Positive Parenting: Navigating Your Teen’s Newfound Independence
Newfound teen independence can feel like a roller coaster – for both you and your child.
Of course, we want our children to grow up to be self-reliant and capable, but sometimes it’s hard to watch independent teens find their way. Especially once they achieve the freedom of having a driver’s license.
It’s appropriate for teens to want to spend more time with their peers than their parents as they get older. Part of our positive parenting and gentle discipline is raising kids to become independent, and that means they need to test their wings by moving out into the wider world.
If we’ve accepted our child’s dependency needs AND affirmed her development into her own separate person, she’ll stay fiercely connected to us even as her focus shifts to peers, high school and the passions that make her soul sing.
Staying Connected with Independent Teens
It’s critical, during the teen years, for parents to remain their children’s emotional and moral compass. You’ve been your child’s source of encouragement and wisdom her whole life, there’s no reason to take a back seat during these important developmental years. During the teen independence stages, kids will begin to experiment with intimate relationships outside the family, but to do that successfully, they need to be able to rely on those intimate relationships at home remaining solid.

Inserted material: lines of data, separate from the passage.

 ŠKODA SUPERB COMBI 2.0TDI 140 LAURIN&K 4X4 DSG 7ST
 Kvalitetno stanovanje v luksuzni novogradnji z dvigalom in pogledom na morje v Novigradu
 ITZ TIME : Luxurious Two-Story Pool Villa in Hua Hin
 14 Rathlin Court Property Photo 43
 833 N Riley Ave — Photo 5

We need to invite our children to rely on us emotionally until they’re emotionally ready to depend on themselves. Too often, in our culture, we let teenagers transfer their dependency outside the family, with disastrous results.
Teens often give up a great deal of themselves in pursuit of the closeness they crave, only to crash against the hard reality that other teens aren’t developmentally able to function as a substitute family.
It is NOT a sign of healthy emotional development for an independent teen to push parents away, or for parents to let him. That’s a sign of a damaged relationship.
Attempting to parent when your relationship with your child is damaged is like pushing a boulder uphill.
It’s never too late in your relationship with your child to do repair work, to move closer, or to adopt positive parenting skills. But it’s a whole lot harder to build the strong connection you want if the foundation isn’t there.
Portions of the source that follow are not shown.